On Wed, Nov 08, 2017 at 01:23:56PM +0100, Rafael J. Wysocki wrote:
> On Wed, Nov 8, 2017 at 12:06 AM, Rafael J. Wysocki <rjw@rjwysocki.net> wrote:
> > On Tuesday, November 7, 2017 11:47:54 PM CET Rafael J. Wysocki wrote:
> >> On Tue, Nov 7, 2017 at 10:08 PM, Ville Syrjala
> >> <ville.syrjala@linux.intel.com> wrote:
> >> > From: Ville Syrjälä <ville.syrjala@linux.intel.com>
> >> >
> >> > acpi_remove_pm_notifier() ends up calling flush_workqueue() while
> >> > holding acpi_pm_notifier_lock, and that same lock is taken by
> >> > by the work via acpi_pm_notify_handler(). This can deadlock.
> >>
> >> OK, good catch!
> >>
> >> [cut]
> >>
> >> >
> >> > Cc: stable@vger.kernel.org
> >> > Cc: Rafael J. Wysocki <rafael.j.wysocki@intel.com>
> >> > Cc: Len Brown <lenb@kernel.org>
> >> > Cc: Peter Zijlstra <peterz@infradead.org>
> >> > Cc: Tejun Heo <tj@kernel.org>
> >> > Cc: Ingo Molnar <mingo@kernel.org>
> >> > Fixes: c072530f391e ("ACPI / PM: Revork the handling of ACPI device wakeup notifications")
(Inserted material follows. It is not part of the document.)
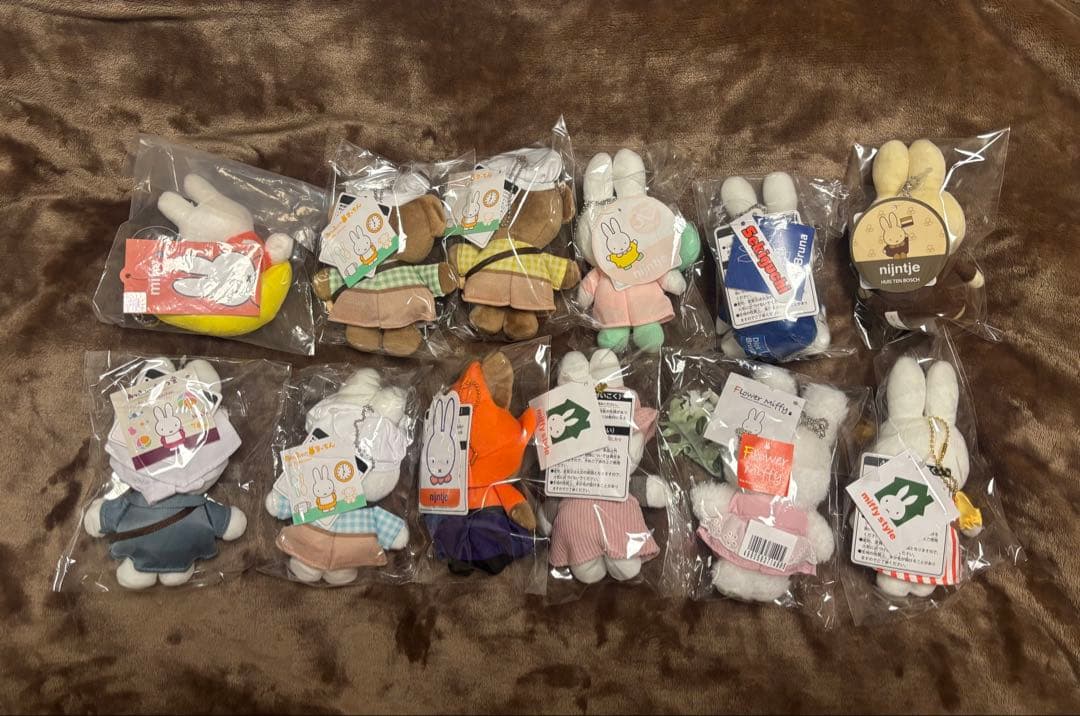 【未使用、紙タグ付き】ミッフィー ぬいぐるみ マスコット 12個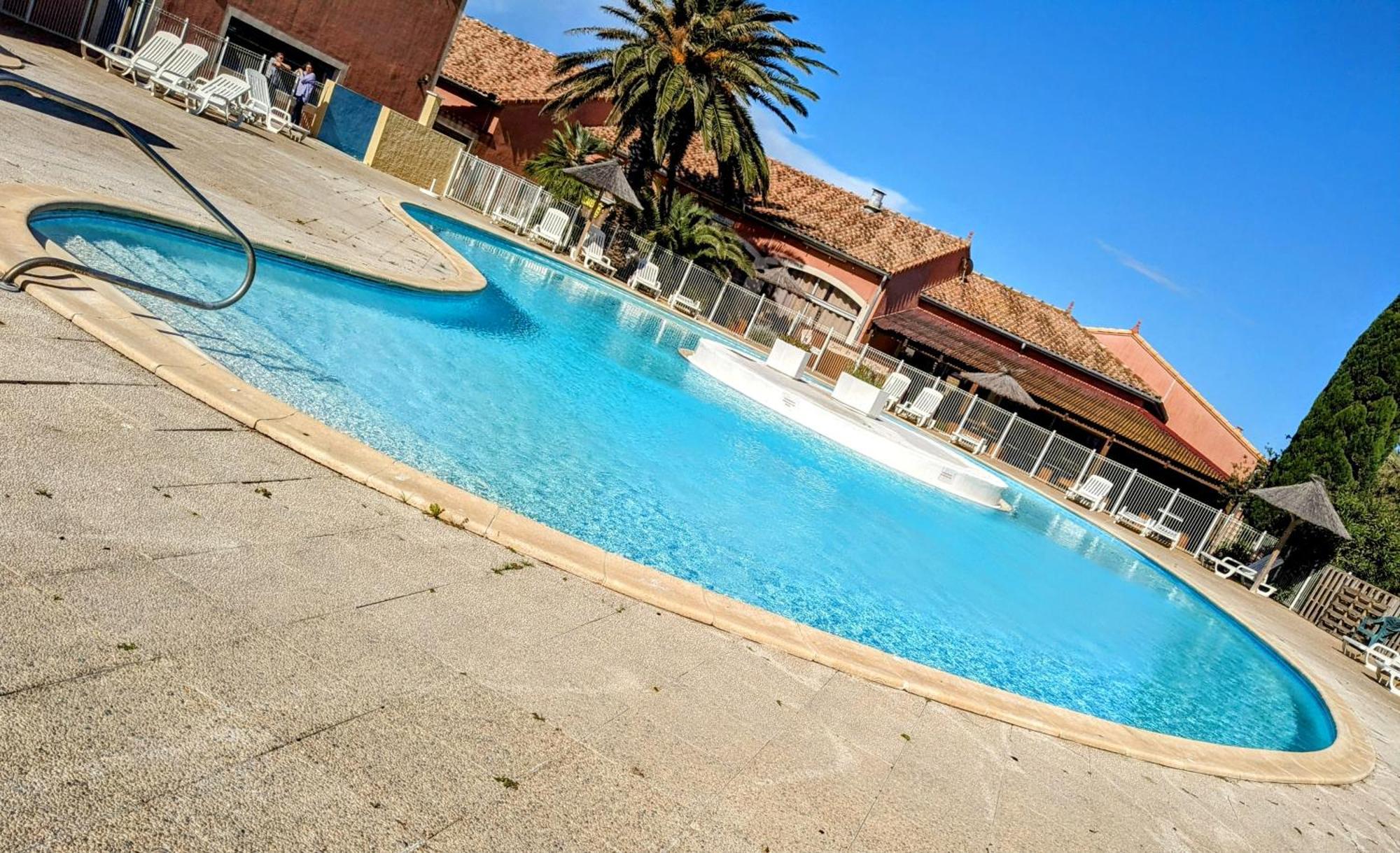 Marina Des Anges Entre Et Etangs Avec Piscine Holiday home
> >> > Signed-off-by: Ville Syrjälä <ville.syrjala@linux.intel.com>
> >> > ---
> >> >  drivers/acpi/device_pm.c | 21 ++++++++++++---------
> >> >  1 file changed, 12 insertions(+), 9 deletions(-)
> >> >
> >> > diff --git a/drivers/acpi/device_pm.c b/drivers/acpi/device_pm.c
> >> > index fbcc73f7a099..18af71057b44 100644
> >> > --- a/drivers/acpi/device_pm.c
> >> > +++ b/drivers/acpi/device_pm.c
> >> > @@ -387,6 +387,7 @@ EXPORT_SYMBOL(acpi_bus_power_manageable);
> >> >
> >> >  #ifdef CONFIG_PM
> >> >  static DEFINE_MUTEX(acpi_pm_notifier_lock);
> >> > +static DEFINE_MUTEX(acpi_pm_notifier_install_lock);
> >> >
> >> >  void acpi_pm_wakeup_event(struct device *dev)
> >> >  {
> >> > @@ -443,24 +444,25 @@ acpi_status acpi_add_pm_notifier(struct acpi_device *adev, struct device *dev,
> >> >         if (!dev && !func)
> >> >                 return AE_BAD_PARAMETER;
> >> >
> >> > -       mutex_lock(&acpi_pm_notifier_lock);
> >> > +       mutex_lock(&acpi_pm_notifier_install_lock);
> >> >
> >> >         if (adev->wakeup.flags.notifier_present)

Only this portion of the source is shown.